++++ SOURCE DATA
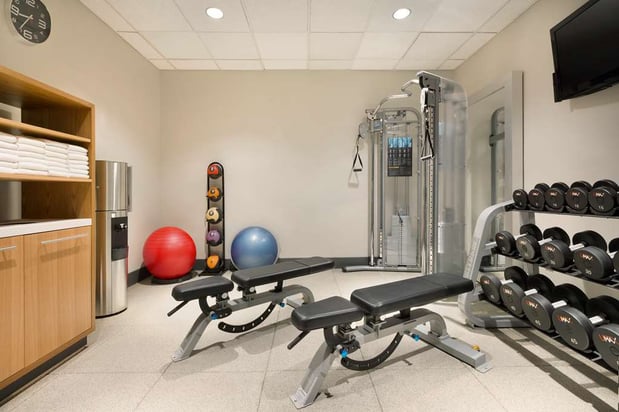 Images Embassy Suites by Hilton Lincoln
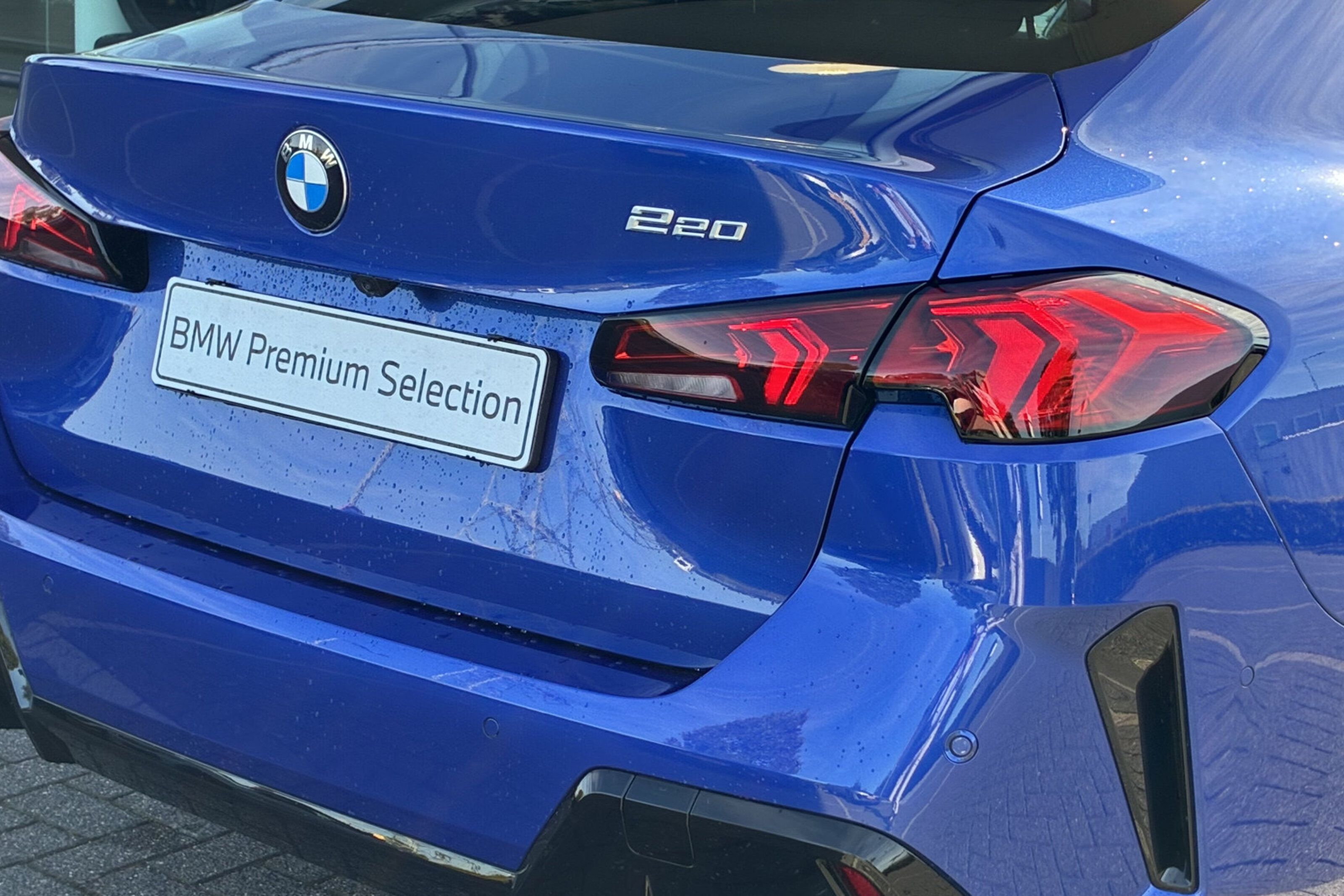 BMW 2 Serie 7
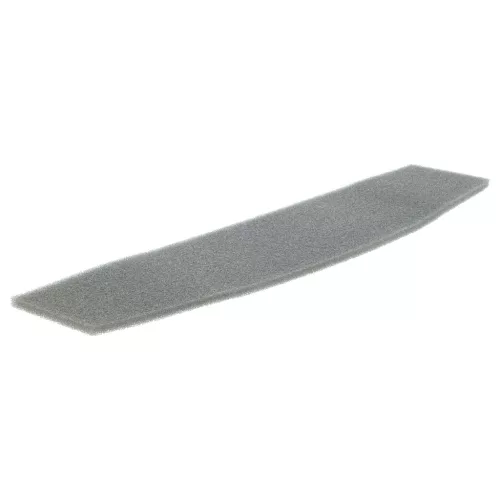 Légszűrő, amely helyettesíti a Sony 2-695-515-02, 387577701 szűrőket - Por szűrő csere 21,2 x 5,1 x 0,5 cm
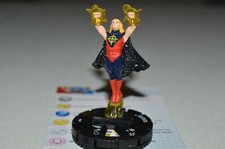 Marvel Heroclix Age of Ultron 047 Quasar Super Rare
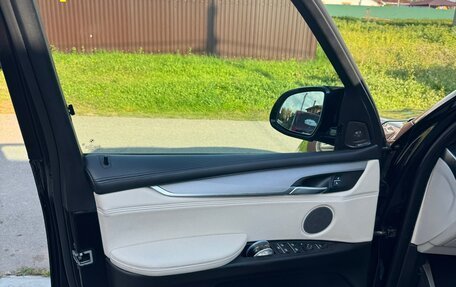 BMW X5, 2018 год, 4 690 000 рублей, 26 фотография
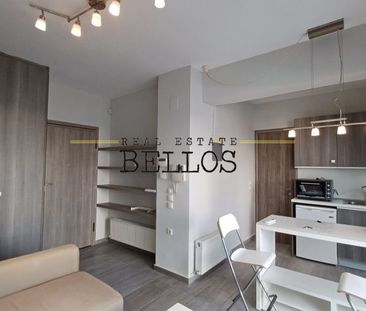 Studio/Γκαρσονιέρα για ενοικίαση Κέντρο (Καλαμαριά) - Photo 4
++++++++
## TO DO
Could you repeat all of the entries exactly, without any of the images?

## THE COMPLETED TASK
 Images Embassy Suites by Hilton Lincoln
 BMW 2 Serie 7
 Légszűrő, amely helyettesíti a Sony 2-695-515-02, 387577701 szűrőket - Por szűrő csere 21,2 x 5,1 x 0,5 cm
 Marvel Heroclix Age of Ultron 047 Quasar Super Rare
 BMW X5, 2018 год, 4 690 000 рублей, 26 фотография
 Studio/Γκαρσονιέρα για ενοικίαση Κέντρο (Καλαμαριά) - Photo 4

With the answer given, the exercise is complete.